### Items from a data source
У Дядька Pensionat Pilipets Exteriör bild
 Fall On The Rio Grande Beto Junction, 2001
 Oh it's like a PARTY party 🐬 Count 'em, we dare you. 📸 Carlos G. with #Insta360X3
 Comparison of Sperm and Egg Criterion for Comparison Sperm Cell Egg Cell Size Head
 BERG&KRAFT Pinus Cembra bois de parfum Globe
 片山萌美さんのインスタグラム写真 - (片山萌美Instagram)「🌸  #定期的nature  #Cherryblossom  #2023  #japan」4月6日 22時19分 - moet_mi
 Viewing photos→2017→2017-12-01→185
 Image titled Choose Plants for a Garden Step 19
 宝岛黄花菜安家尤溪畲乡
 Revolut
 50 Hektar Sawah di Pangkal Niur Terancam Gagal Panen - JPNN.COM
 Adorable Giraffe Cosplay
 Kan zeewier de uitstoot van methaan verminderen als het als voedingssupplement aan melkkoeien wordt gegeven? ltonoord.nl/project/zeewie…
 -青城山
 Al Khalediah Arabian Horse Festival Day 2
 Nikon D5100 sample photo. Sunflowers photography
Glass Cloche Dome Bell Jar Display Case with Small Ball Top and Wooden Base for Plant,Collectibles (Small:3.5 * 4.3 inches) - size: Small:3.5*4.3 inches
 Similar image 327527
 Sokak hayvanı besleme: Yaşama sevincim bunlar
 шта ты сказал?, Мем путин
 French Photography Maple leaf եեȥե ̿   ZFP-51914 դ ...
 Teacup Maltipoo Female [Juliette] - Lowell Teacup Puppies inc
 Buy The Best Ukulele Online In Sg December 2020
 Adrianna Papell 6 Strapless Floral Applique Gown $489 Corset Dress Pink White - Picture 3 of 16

### EXERCISE
All the lines above need to be printed again, exactly.

### FINISHED TASK
У Дядька Pensionat Pilipets Exteriör bild
 Fall On The Rio Grande Beto Junction, 2001
 Oh it's like a PARTY party 🐬 Count 'em, we dare you. 📸 Carlos G. with #Insta360X3
 Comparison of Sperm and Egg Criterion for Comparison Sperm Cell Egg Cell Size Head
 BERG&KRAFT Pinus Cembra bois de parfum Globe
 片山萌美さんのインスタグラム写真 - (片山萌美Instagram)「🌸  #定期的nature  #Cherryblossom  #2023  #japan」4月6日 22時19分 - moet_mi
 Viewing photos→2017→2017-12-01→185
 Image titled Choose Plants for a Garden Step 19
 宝岛黄花菜安家尤溪畲乡
 Revolut
 50 Hektar Sawah di Pangkal Niur Terancam Gagal Panen - JPNN.COM
 Adorable Giraffe Cosplay
 Kan zeewier de uitstoot van methaan verminderen als het als voedingssupplement aan melkkoeien wordt gegeven? ltonoord.nl/project/zeewie…
 -青城山
 Al Khalediah Arabian Horse Festival Day 2
 Nikon D5100 sample photo. Sunflowers photography
Glass Cloche Dome Bell Jar Display Case with Small Ball Top and Wooden Base for Plant,Collectibles (Small:3.5 * 4.3 inches) - size: Small:3.5*4.3 inches
 Similar image 327527
 Sokak hayvanı besleme: Yaşama sevincim bunlar
 шта ты сказал?, Мем путин
 French Photography Maple leaf եեȥե ̿   ZFP-51914 դ ...
 Teacup Maltipoo Female [Juliette] - Lowell Teacup Puppies inc
 Buy The Best Ukulele Online In Sg December 2020
 Adrianna Papell 6 Strapless Floral Applique Gown $489 Corset Dress Pink White - Picture 3 of 16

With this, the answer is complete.